Books for cooking with kids
For absolute beginners: Children’s Cookbook by Katharine Ibbs (DK Children) – any of the DK cookbooks for kids are an easily managed, step by step treasure trove of easily achievable recipes.
For those who like stories: Nadiya’s Bake Me a Story by Nadiya Hussain (Hodder Children’s Books) – Great British Bake Off winner Nadiya Hussain has a nifty way of telling lovely tales that finish in recipes like pea and mint risotto or very berry breakfast muffins.
For the gardeners: GIY’s Know-it-Almanac by Michael Kelly and Muireann Ní Chíobháin (GIY Ireland) – there’s lots of growing to do here but also recipes for treats using veg that you have indeed grown yourself: think beetroot lollies and carrot cake breakfast balls.
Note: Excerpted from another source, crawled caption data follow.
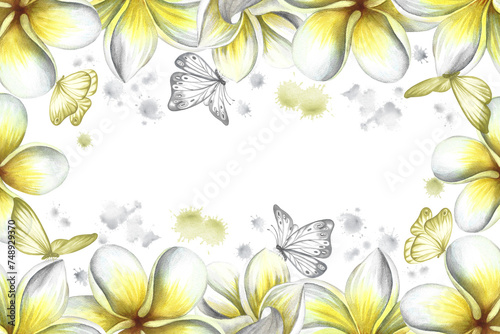 A frame with plumeria  a border of exotic tropical fragrant frangipani flowers. Hand-drawn watercolor illustration. For packaging banners and labels. For posters  flyers  greeting and invitation cards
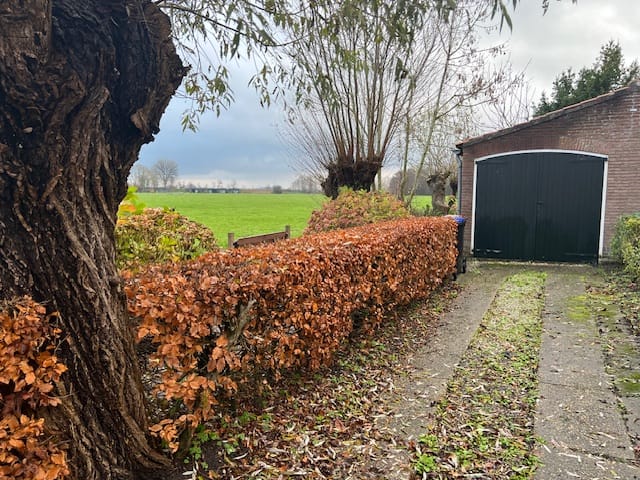 Foto 32 van Theodorus de Leeuwlaan 12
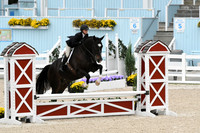HSM_2219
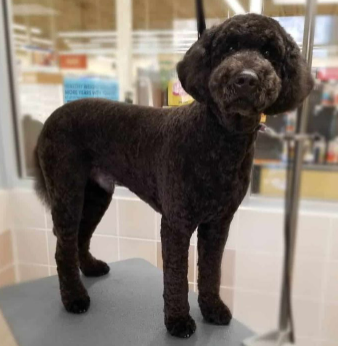 Goldendoodle Lamb Cut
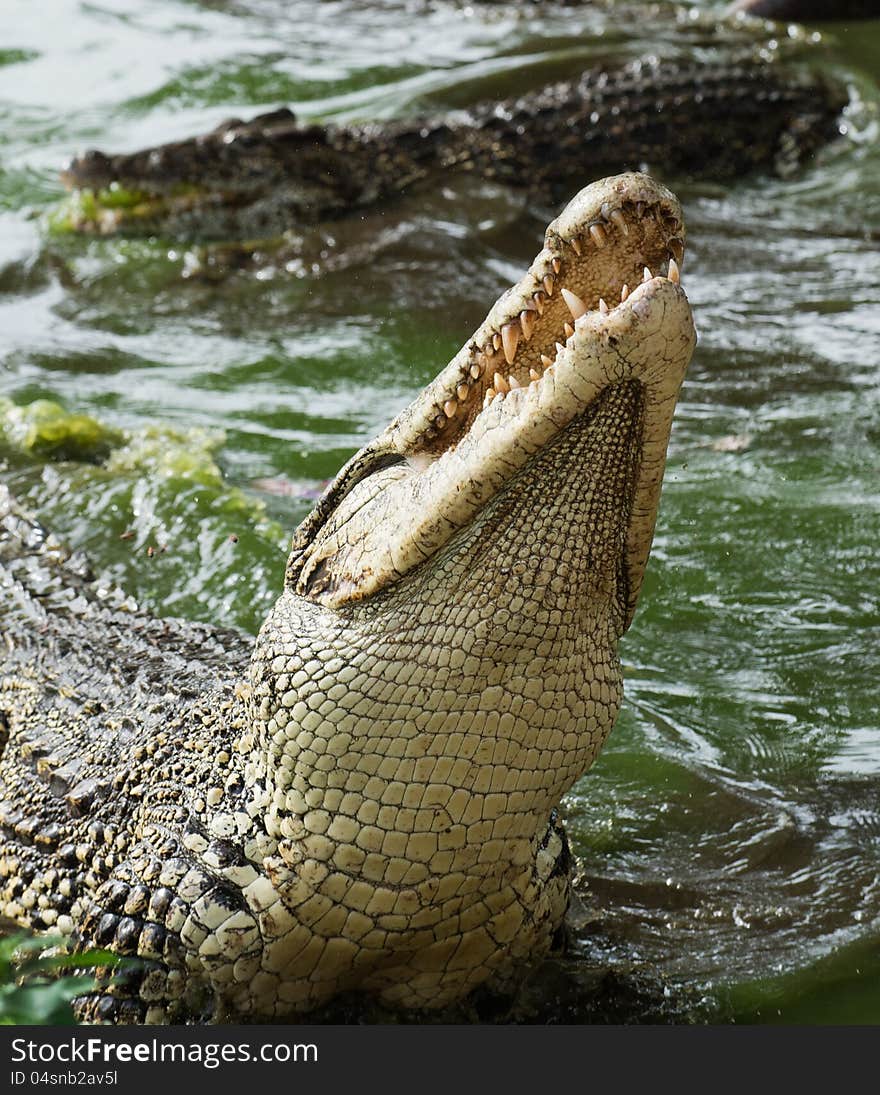 Mouth and teeth of the Cuban crocodile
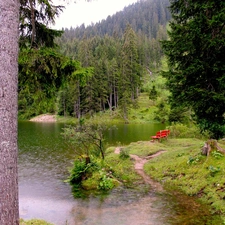 lake, Spruces, Bench, forest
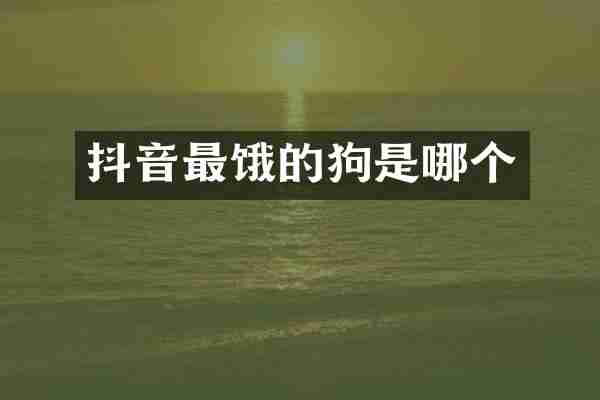 抖音最饿的狗是哪个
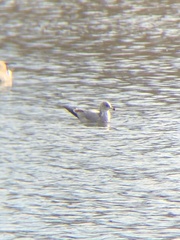 Larus delawarensis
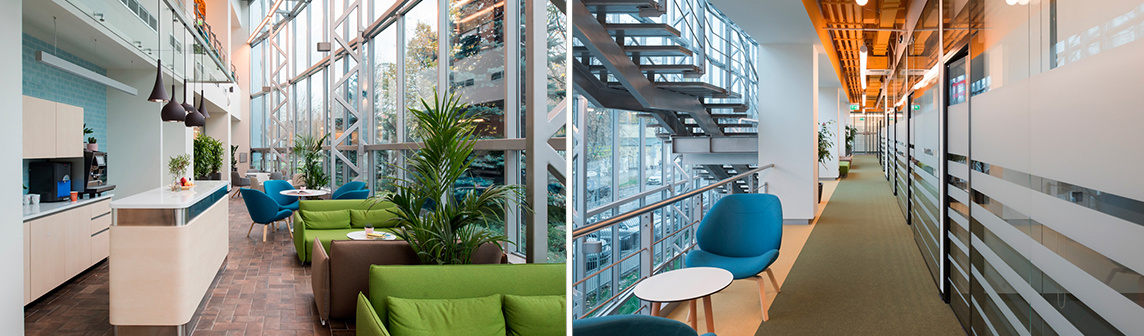 �������ǲ���(�й���)���Ź���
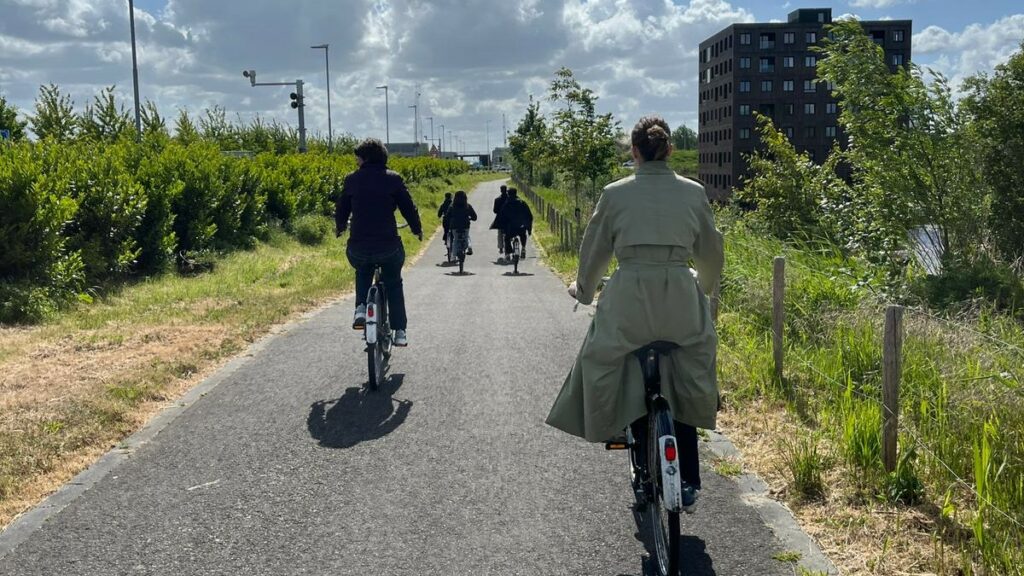 Mensen op de fiets, van achteren gefotografeerd. 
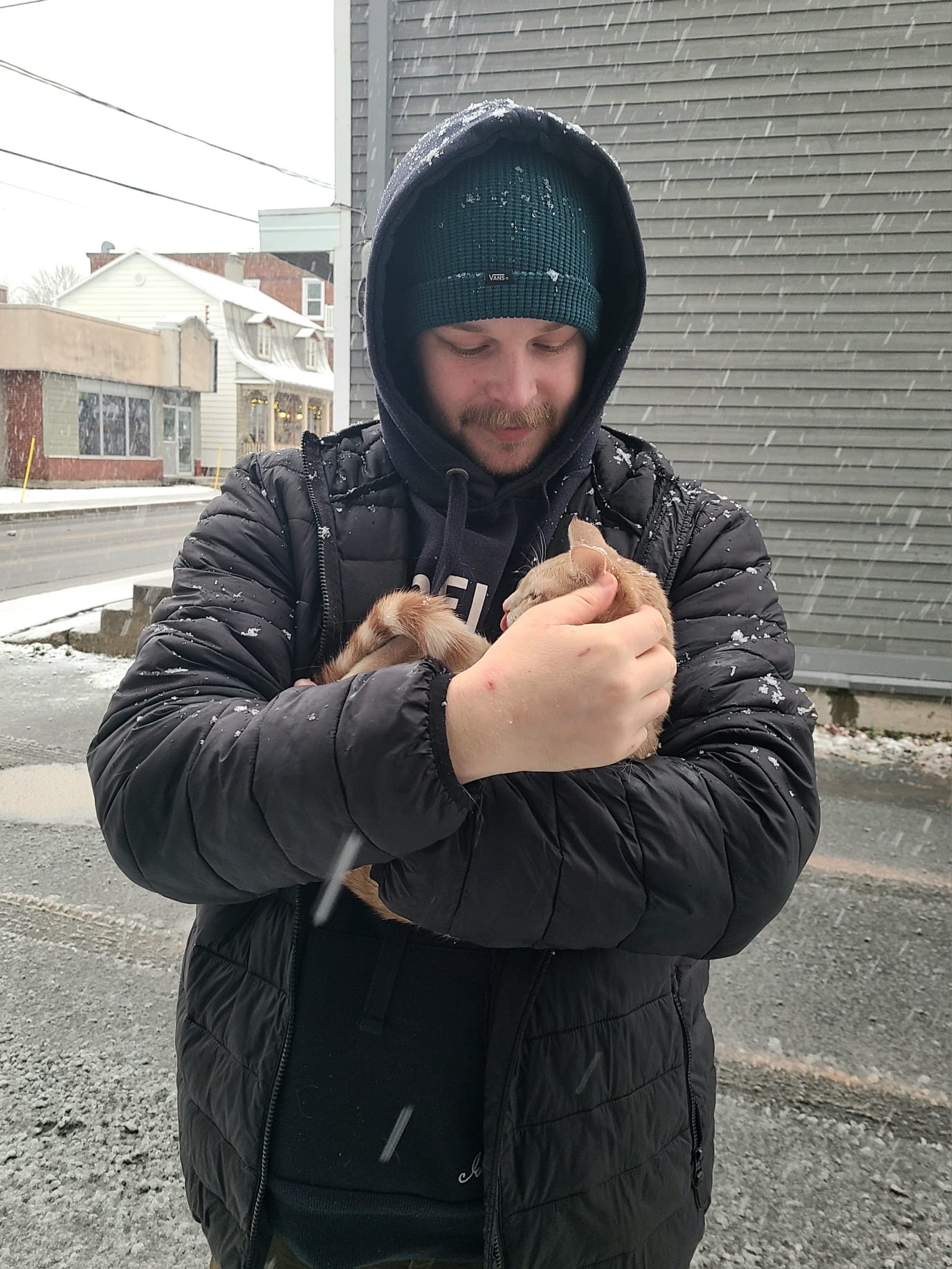 image-8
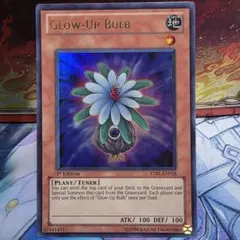 2026年最新】グローアップバルブ 英語の人気アイテム - メルカリ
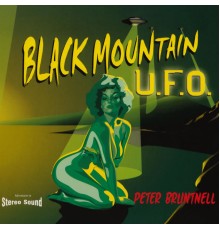 Peter Bruntnell - Black Mountain U.F.O.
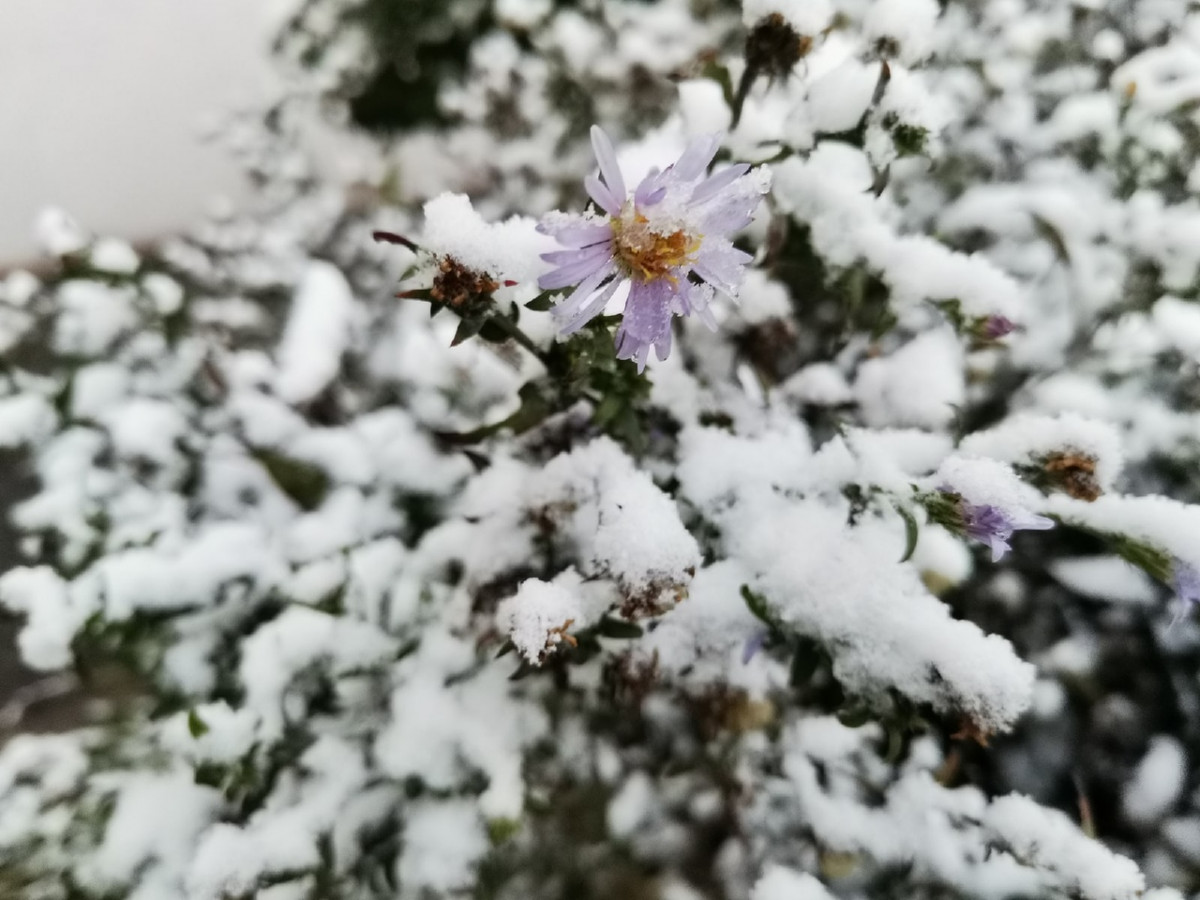 В Прокопьевске выпал первый снег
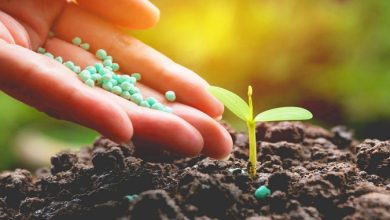 إنتاج الأمونيا الخضراء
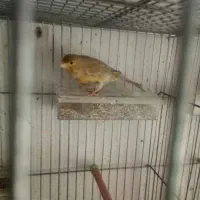 قناری ماده برا سهره آماده جفت هنوز جفت نخورده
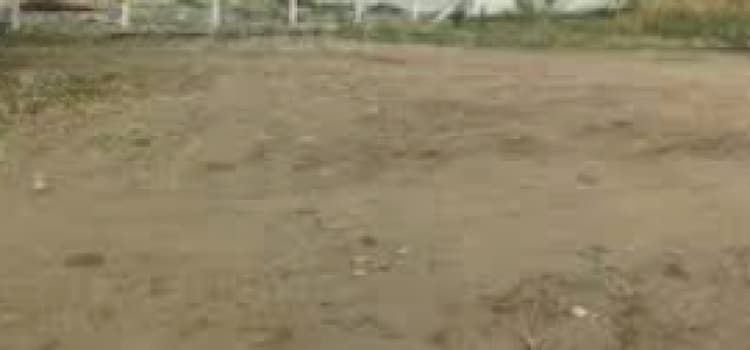 Land for sales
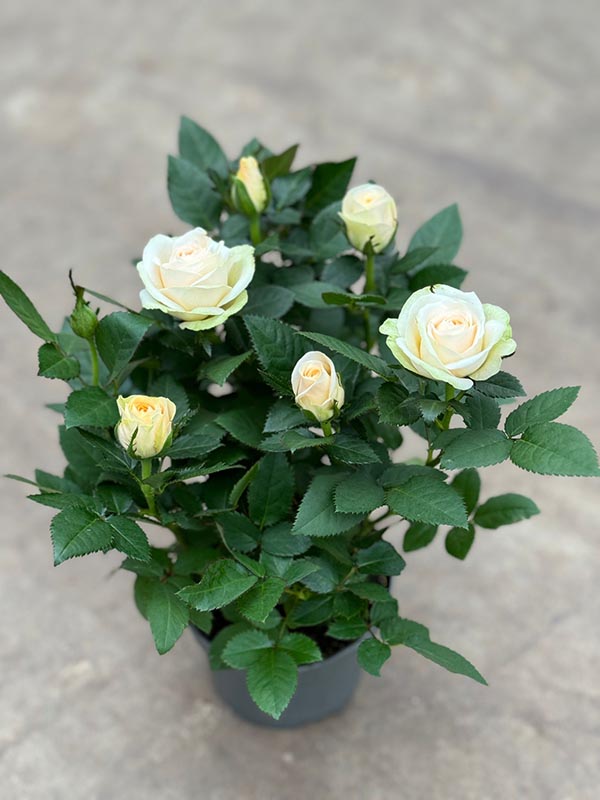 Rosa hybrida Grande Belami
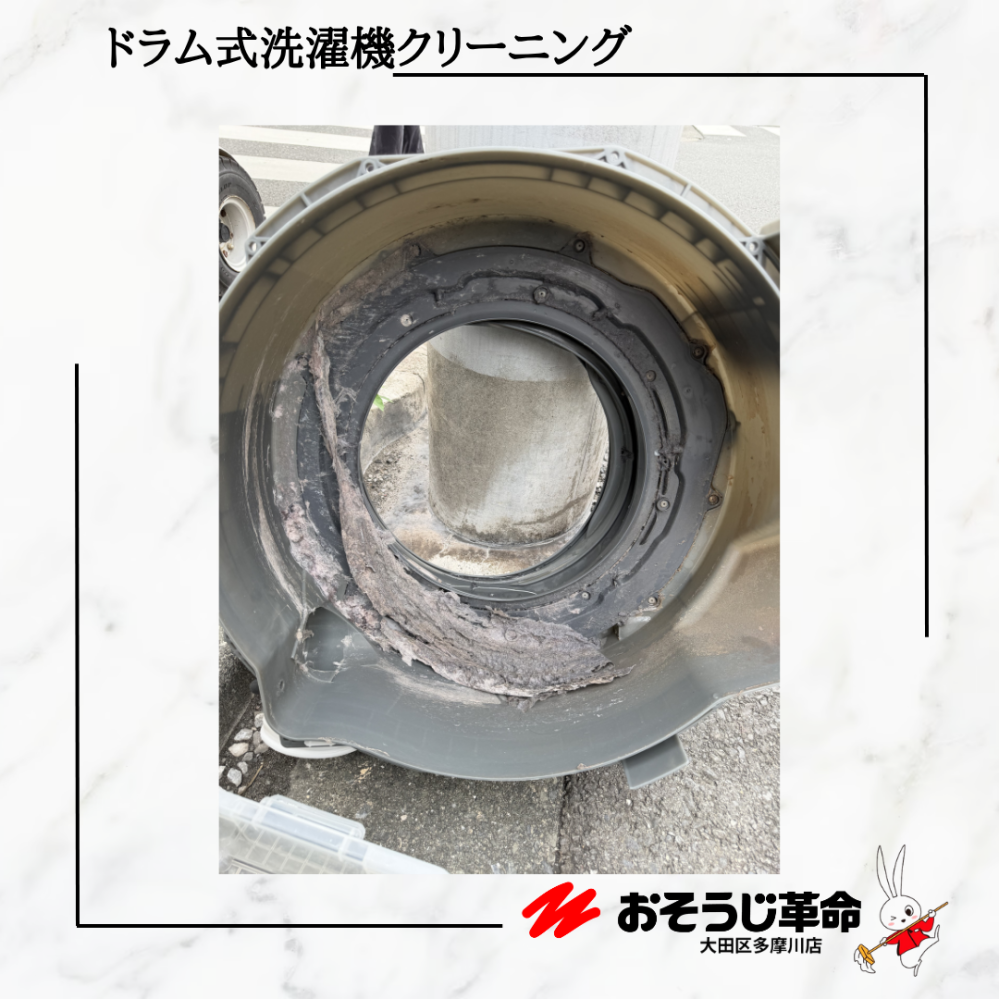 東京都大田区池上の洗濯機分解クリーニングの作業前3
For kids who want something completely different: Cooking for your Kids by Joshua David Stein (Phaidon) – this collection of recipes from chefs all around the world shows that everyone is in the same boat when it comes to getting food on the table for their children. While this book is aimed at parents, there are many playful recipes that kids will enjoy cooking: check out spicy scrambled eggs, smoked sweet potato gnocchi or pork and zucchini dumplings.